** Brief descriptive captions **
========================================================================

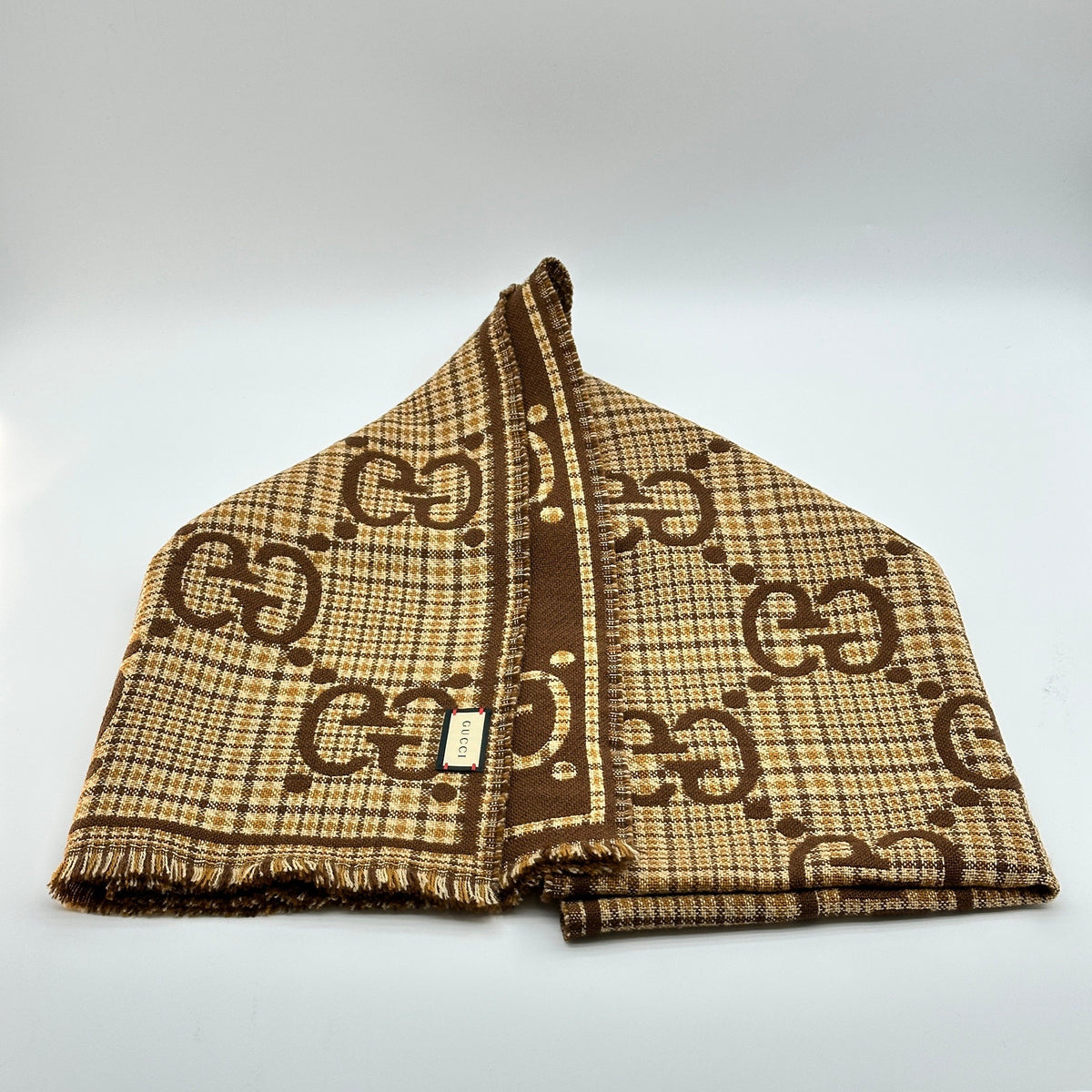 Gucci 660025 check GG Scarf Fabric Brown Wears Lint on fabric Wrinkled Frayed No quality tags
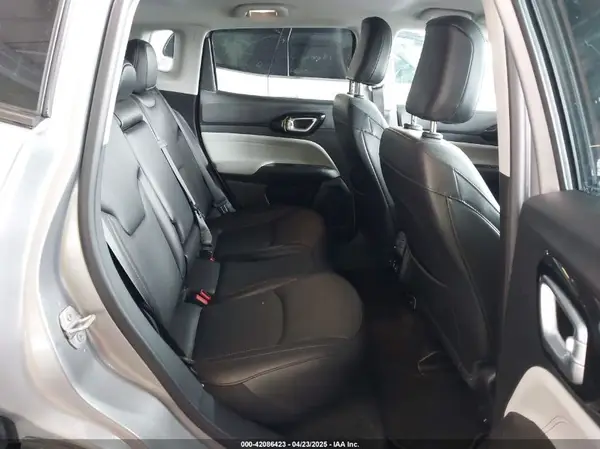 3C4NJDCB0NT168545 2022 JEEP COMPASS - Image 8
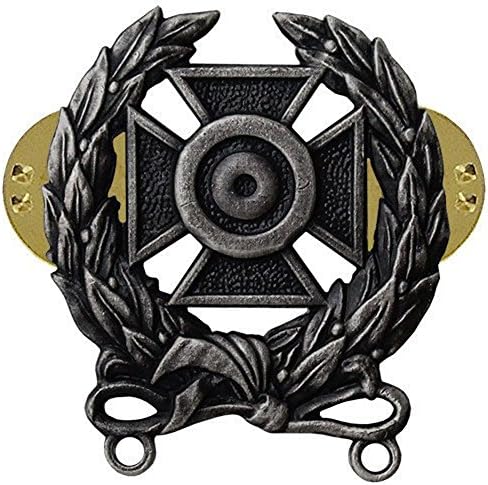 Army Badge: Expert Shooting - regulation size, silver oxidized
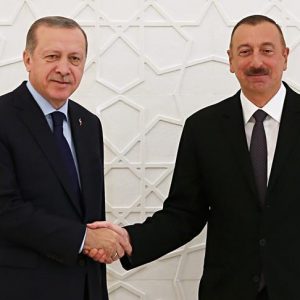 الرئيس أردوغان يهنئ نظيره الأذري بفوزه في الانتخابات الرئاسية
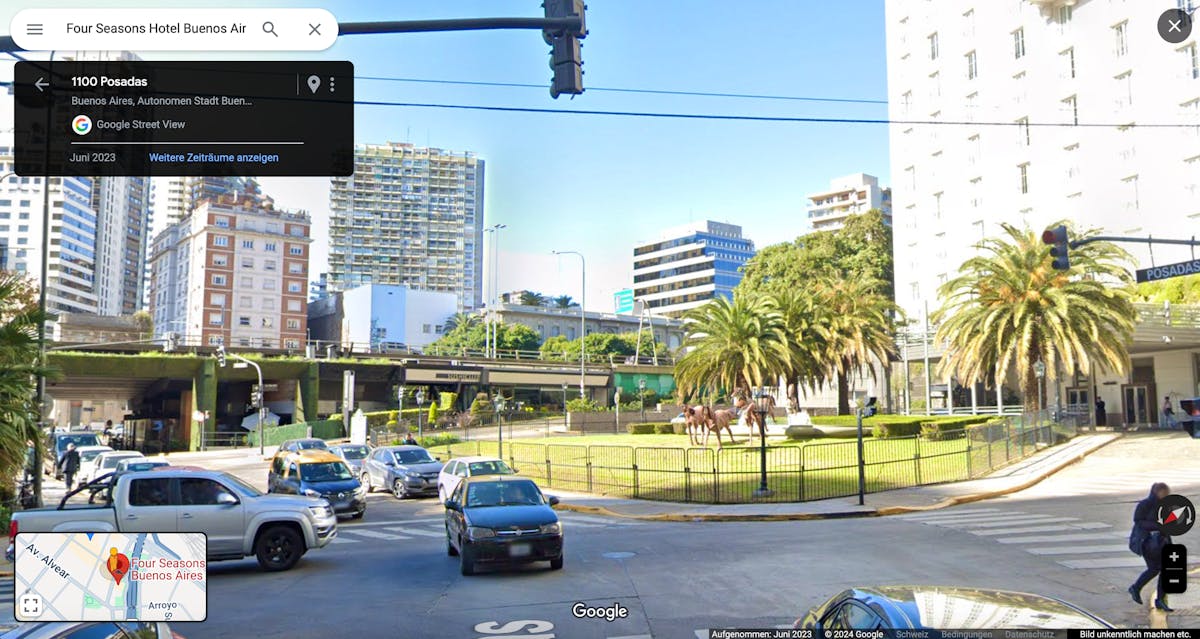 Anhand der Gebäude und der Unterführung im Hintergrund sowie der Palmen und dem weissen Gebäude auf der rechten Seite und den verschiedenen Zebrastreifen lässt sich eindeutig sagen: Das Video von der rennenden und kreischenden Menschenmenge ist in Buenos Aires entstanden.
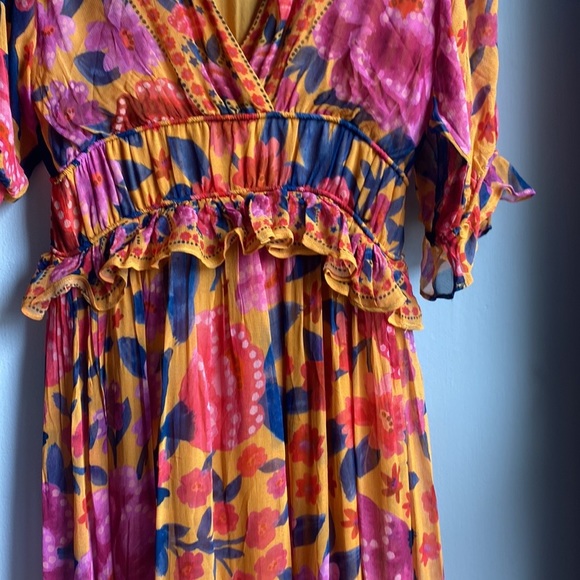 STUNNING FARM Rio Floral Dream Short Sleeve - Picture 5 of 8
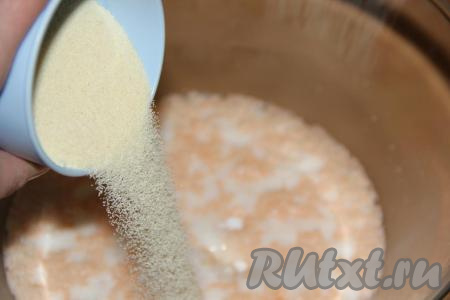 После появления пышной "шапочки" в опару всыпать манку и перемешать венчиком.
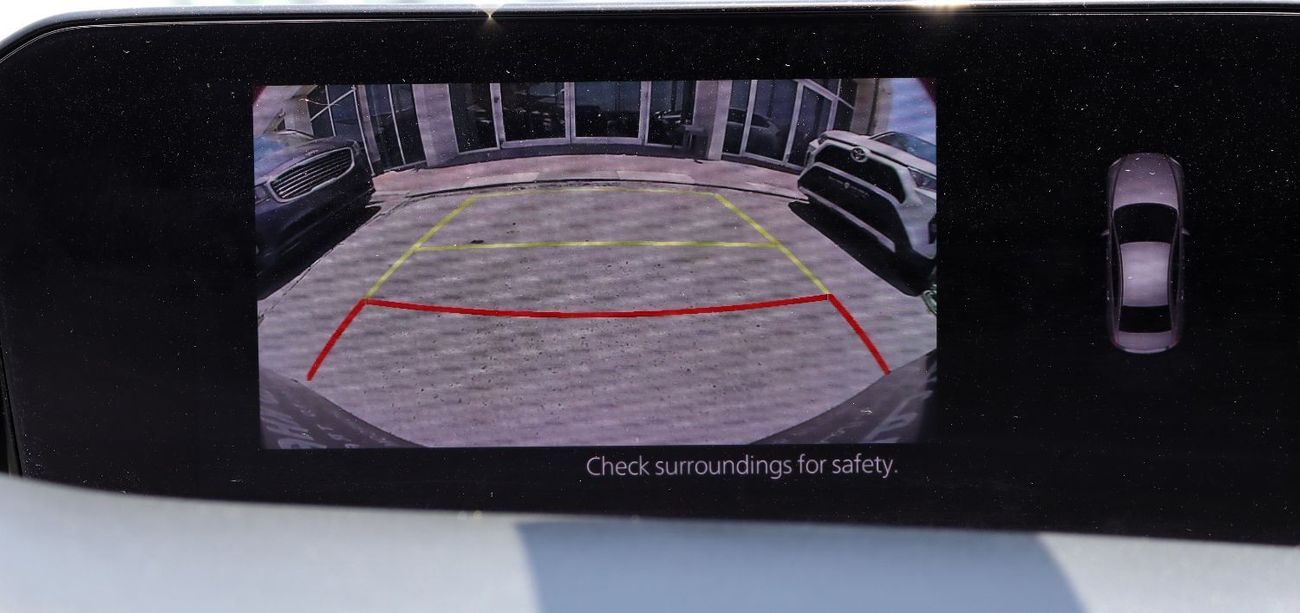 Mazda 3 V ACCIDENTS FREE - GCC - ENGINE 1600 CC - SUNROOF - KEYLESS ENTRY AND START - ORIGINAL PAINT - PERFE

========================================================================

** Action item **
Without the pictures, transcribe the lines from the one containing "STUNNING FARM Rio" through the end of the data, exactly and only those.

** Solution below **
 STUNNING FARM Rio Floral Dream Short Sleeve - Picture 5 of 8
 После появления пышной "шапочки" в опару всыпать манку и перемешать венчиком.
 Mazda 3 V ACCIDENTS FREE - GCC - ENGINE 1600 CC - SUNROOF - KEYLESS ENTRY AND START - ORIGINAL PAINT - PERFE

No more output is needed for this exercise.